Tier 1 source/runtime CPU support today is x86_64 + ARM64. Everything else is best-effort. That CPU support statement is separate from which prebuilt release artifacts are currently shipped.

This is not a framework. It is not production-ready globally. It is a focused engineering project with a determinism-first design and a codegen path that produces verifiably fast native training code.


Why Volta exists

Most ML frameworks sacrifice two things for developer velocity: determinism and raw performance. PyTorch gives you flexibility, but "same inputs" does not guarantee "same output" across runs, seeds, or thread counts. And its CPU path is general-purpose — it was not built to be beaten on narrow, controlled workloads.

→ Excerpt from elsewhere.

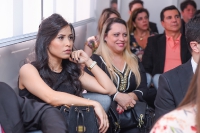 Entrega de credenciais - Londrina 11 de agosto de 2017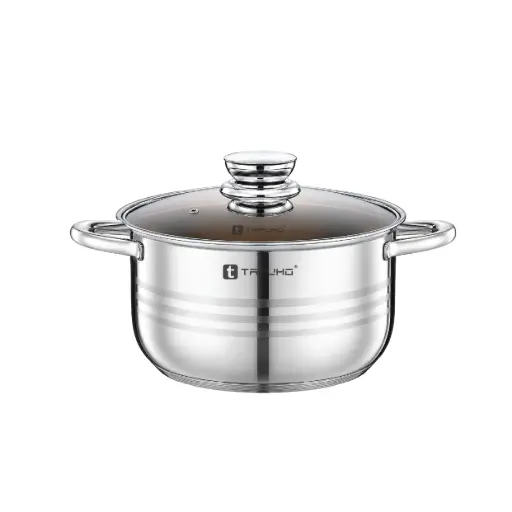 Nồi INOX cao cấp TAPUHO TP3668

Volta bets on the opposite: a compiler approach where the model is compiled into a native DLL with fixed weights, fixed topology, and deterministic execution. The result, for MLP training, is measurable.


Current strengths / current limitations

Strengths (measured, reproducible):

  • CPU training codegen outperforms PyTorch eager (6 threads, MKL) by 35–67% on MLP workloads at B≤64
  • Deterministic execution by design: same inputs → identical outputs, bit-for-bit
  • Full codegen pipeline: .vt file → IR → Rust/LLVM → native .dll → benchmark
  • Explicit CPU target selection for AOT codegen: portable default, native opt-in
  • AVX2 transpose kernels and optional MKL acceleration for native Adam/AdamW on the Rust training path
  • Working .vt language: lexer, parser, semantic analysis, interpreter
  • IR with graph optimizations: constant folding, DCE, CSE, algebraic simplification, autograd

Limitations (honest):

  • CPU performance advantage disappears at B≥128 — PyTorch MKL wins on large GEMMs
  • Adam optimizer is +25% faster than PyTorch on B≤64 MLP (4.3 ms vs 5.3 ms; SGD is 35-67% faster)
  • CUDA backend: files exist and compile behind --features cuda, but GPU perf is uncharted
  • compile-train is still MLP-only
  • Default C compile-train path is SGD-only; compile-train --rust supports only SGD, Adam, AdamW, Adagrad
  • Tier 1 source/runtime CPU support is x86_64 + ARM64; shipped release artifacts are narrower than that
  • Prebuilt binaries are currently shipped for Linux x86_64, macOS universal, and Windows x86_64. No Python bindings.
  • Many high-level layer types (LSTM, MultiHeadAttention, LayerNorm) exist in IR but are not exercised by the codegen path — only dense MLP is benchmarked end-to-end

Install

Download the prebuilt binary for your platform from the latest release:

These release artifacts are the current packaged binaries, not the full CPU support matrix.

Platform File
Linux x86-64 volta-vX.Y.Z-linux-x86_64.tar.gz
Linux ARM64 volta-vX.Y.Z-linux-arm64.tar.gz
macOS (Apple Silicon + Intel) volta-vX.Y.Z-macos-universal.tar.gz
Windows x86-64 volta-vX.Y.Z-windows-x86_64.zip

Replace vX.Y.Z with the release version shown on the releases page.

Linux / macOS:

tar xzf volta-vX.Y.Z-*.tar.gz
chmod +x volta
mv volta /usr/local/bin/    # or any directory already on your PATH
volta --help

Windows: Unzip volta-vX.Y.Z-windows-x86_64.zip, then move volta.exe to a directory on your PATH (or add its folder to PATH).

Verify the install:

volta --help
volta doctor
volta run examples/xor.vt   # requires the examples/ directory from the repo

volta run requires a .vt source file on disk. The binary is self-contained; example files are in the repository.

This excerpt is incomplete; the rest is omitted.